# Network Maximum Parallelism

Experiment modelling maximum parallelism of executors given a DAG of tasks.

This often pops up in computer science / data engineering.

A DAG can represent a "heap" like structure of tasks that can pull the next most important task, respect minimal lineage requirements but allow parallel work to occur. You would have a pool of workers consuming tasks.

The idea is:

> ***How big of a pool do I need given the shape of the DAG?***

This also shows up in project planning, 

> ***Given a Work Breakdown Structure, how many consultants would I need?***

For simplicity we assume each task takes 1 unit of time, each worker is equivalent to each other and can process tasks consistently taking onl 1 unit of time.

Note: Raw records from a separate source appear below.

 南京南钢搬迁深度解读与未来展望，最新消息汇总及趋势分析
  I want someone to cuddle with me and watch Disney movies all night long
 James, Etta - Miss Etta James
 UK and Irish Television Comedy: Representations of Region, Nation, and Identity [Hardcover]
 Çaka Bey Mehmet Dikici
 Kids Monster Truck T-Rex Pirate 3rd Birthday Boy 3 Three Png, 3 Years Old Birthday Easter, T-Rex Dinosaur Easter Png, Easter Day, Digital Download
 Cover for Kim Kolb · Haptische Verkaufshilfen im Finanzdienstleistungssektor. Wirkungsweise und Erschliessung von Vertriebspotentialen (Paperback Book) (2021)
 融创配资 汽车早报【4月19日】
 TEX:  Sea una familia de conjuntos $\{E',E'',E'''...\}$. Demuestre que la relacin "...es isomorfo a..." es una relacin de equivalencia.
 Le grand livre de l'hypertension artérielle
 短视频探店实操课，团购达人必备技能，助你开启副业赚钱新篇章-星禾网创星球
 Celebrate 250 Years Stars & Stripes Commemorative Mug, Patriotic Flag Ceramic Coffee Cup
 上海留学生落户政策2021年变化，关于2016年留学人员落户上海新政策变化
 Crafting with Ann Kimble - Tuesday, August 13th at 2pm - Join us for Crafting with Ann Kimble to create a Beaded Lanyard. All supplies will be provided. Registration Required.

If we want to look at the [*Maximum Flow*](https://networkx.org/documentation/stable/reference/algorithms/generated/networkx.algorithms.flow.maximum_flow.html#networkx.algorithms.flow.maximum_flow) of the DAG as well, we will assume all edges have equal capacity of 1.

# Example

![](./assets/dag.png)

![](./assets/topological.png)

With the widest being `3`.

## Install dependencies

In [1]:
!pip install -U pip -qq

In [2]:
!pip install networkx ipycytoscape -qq

In [3]:
# Need to use `master` instead of PyPI version since 'fcose' algorithm only available there and not published yet.
# pip install https://github.com/plotly/dash-cytoscape/archive/master.zip

## Google Colab Specific Code

In [4]:
try:
    from google.colab import output

    output.enable_custom_widget_manager()
except ModuleNotFoundError:
    pass

## Generate a Random DAG and visualise it

In [5]:
import networkx as nx
import random

G = nx.gnp_random_graph(15, 0.5, directed=True)
DAG = nx.DiGraph(
    [(u, v, {"capacity": 1, "weight": 1}) for (u, v) in G.edges() if u < v]
)

### [Optional] Source and Sink Nodes for looking at Maximum Flow
This next section finds all the roots nodes with no dependencies (*roots*) and all the nodes with no successors (*leaves*). Then we attach an extra node to each so there is a single *source* and *sink* to the DAG.

In [6]:
leaves = [n for n in DAG.nodes if len(list(DAG.successors(n))) == 0]
roots = [n for n in DAG.nodes if len(list(DAG.predecessors(n))) == 0]
DAG.add_nodes_from(["source", "sink"])
DAG.add_edges_from([("source", v, {"tooltip": 10_000}) for v in roots])
DAG.add_edges_from([(u, "sink", {"tooltip": 10_000}) for u in leaves])

for node in DAG.nodes():
    DAG.nodes[node]["label"] = node


from networkx.algorithms.flow import shortest_augmenting_path

flow_value, flow_dict = nx.maximum_flow(
    DAG.copy(), "source", "sink", flow_func=shortest_augmenting_path
)
[(k, v) for k, v in flow_dict.items() if len(v) > 0], flow_value

([(0, {1: 1, 4: 1, 5: 1, 6: 1, 7: 1, 8: 1, 13: 1, 14: 1}),
  (1, {2: 1, 9: 0, 12: 0}),
  (4, {7: 0, 9: 0, 10: 0, 13: 1}),
  (5, {9: 0, 10: 1, 12: 0}),
  (6, {7: 0, 8: 0, 9: 0, 11: 0, 12: 0, 13: 1}),
  (7, {8: 0, 10: 0, 11: 0, 13: 1}),
  (8, {9: 0, 10: 0, 13: 1}),
  (13, {'sink': 7}),
  (14, {'sink': 1}),
  (2, {3: 0, 10: 0, 11: 0, 13: 1}),
  (9, {10: 0, 11: 0, 12: 0}),
  (12, {13: 0}),
  (3, {4: 0, 5: 0, 7: 0, 9: 0, 11: 0}),
  (10, {13: 1}),
  (11, {12: 0}),
  ('source', {0: 8})],
 8)

In [7]:
import ipycytoscape as cy

cyDAG = cy.CytoscapeWidget()
cyDAG.graph.add_graph_from_networkx(DAG, directed=True)
cyDAG.set_layout(name="dagre")
cyDAG

CytoscapeWidget(cytoscape_layout={'name': 'dagre'}, cytoscape_style=[{'selector': 'node', 'css': {'background-…

## Topological Sort

Get each layer as though it was breadth first sorted.

Find the widest layer.

In [8]:
import json

gens = [sorted(generation) for generation in nx.topological_generations(DAG)]
for gen in gens:
    print(gen)

['source']
[0]
[1, 6, 14]
[2]
[3]
[4, 5]
[7]
[8]
[9]
[10, 11]
[12]
[13]
['sink']


In [9]:
max([len(g) for g in gens])

3